▶ _Work to complete_
What is needed is an exact copy of the lines in the entries below from the one holding "Poster detailed view" through the one holding "PORTE-VUES EXACOMPTA KREA", pictures excluded.

▶ _Input records_
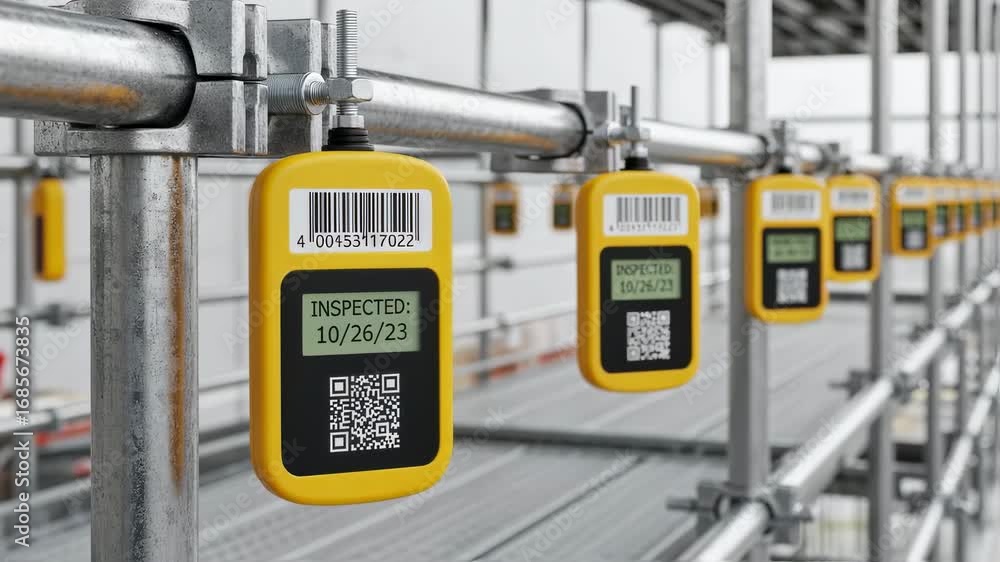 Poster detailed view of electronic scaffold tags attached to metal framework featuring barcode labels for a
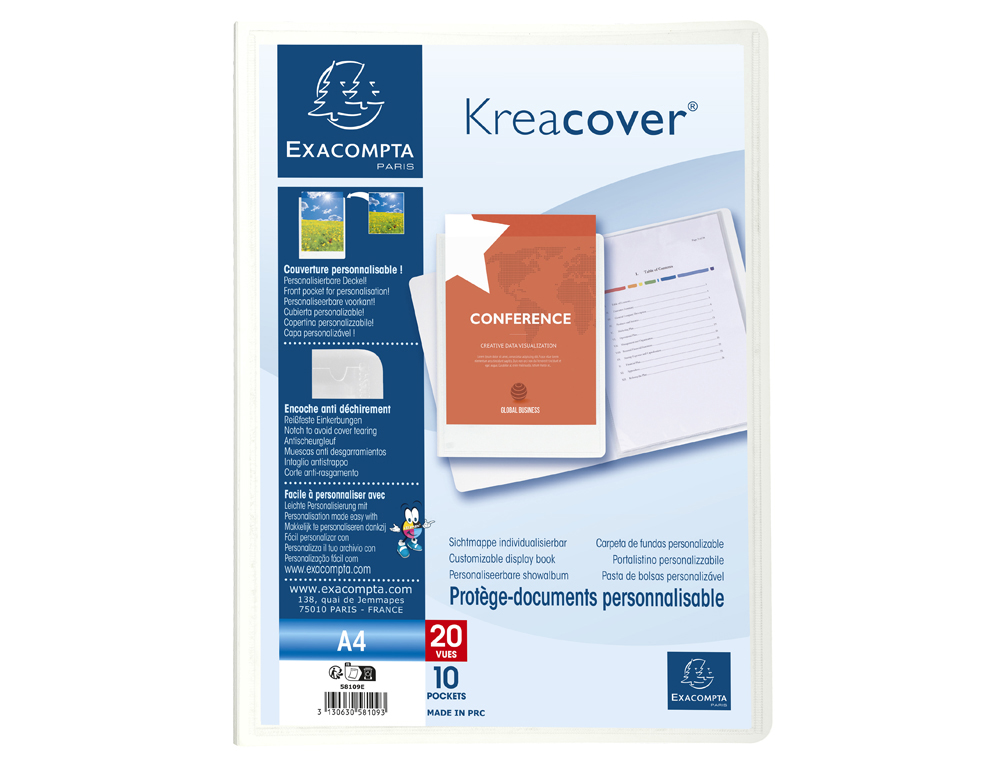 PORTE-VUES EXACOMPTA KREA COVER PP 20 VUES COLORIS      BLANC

* * *

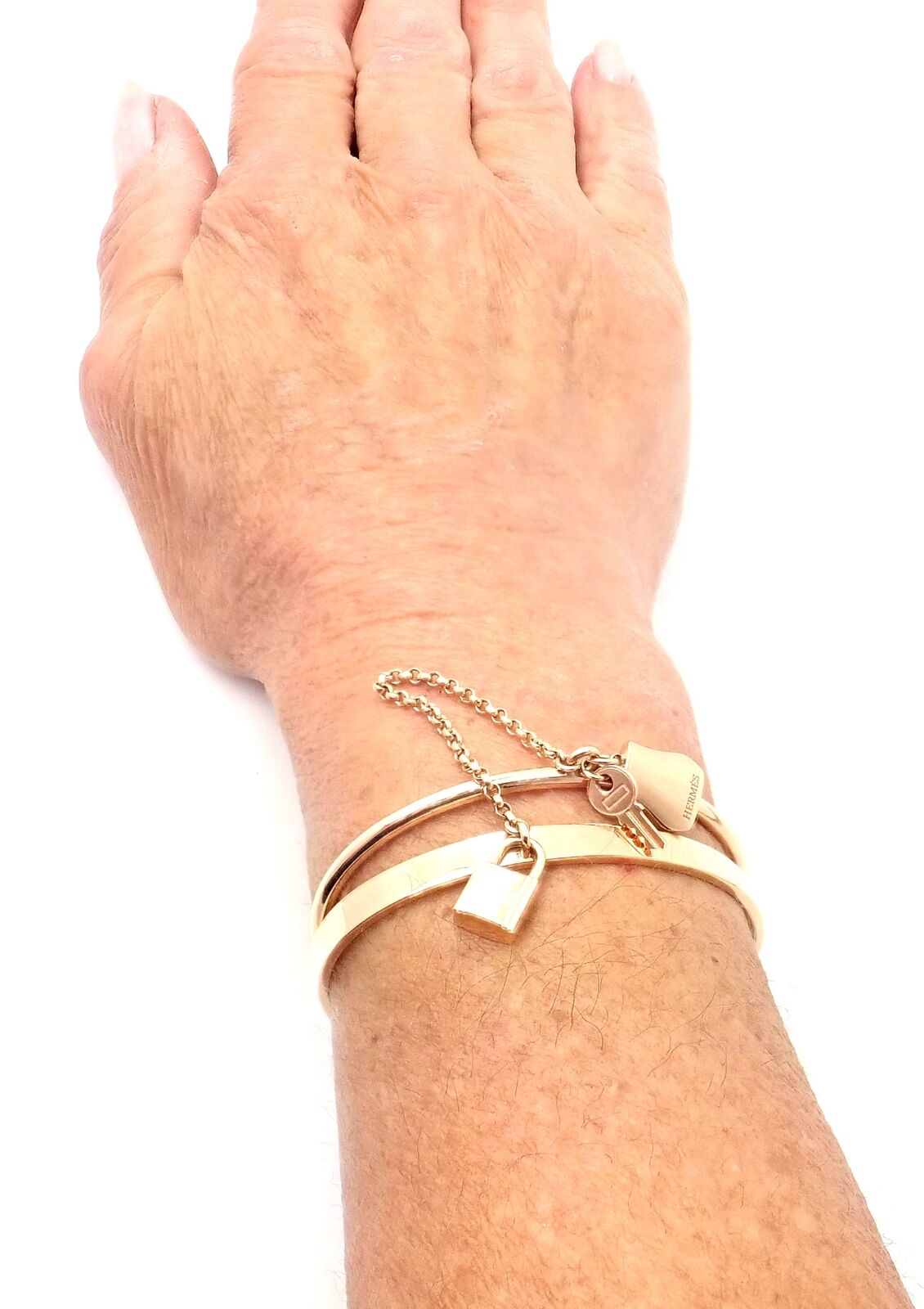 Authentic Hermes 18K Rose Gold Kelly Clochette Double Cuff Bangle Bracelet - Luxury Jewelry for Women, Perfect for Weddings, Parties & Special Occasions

▶ _Result below_
 Poster detailed view of electronic scaffold tags attached to metal framework featuring barcode labels for a
 PORTE-VUES EXACOMPTA KREA COVER PP 20 VUES COLORIS      BLANC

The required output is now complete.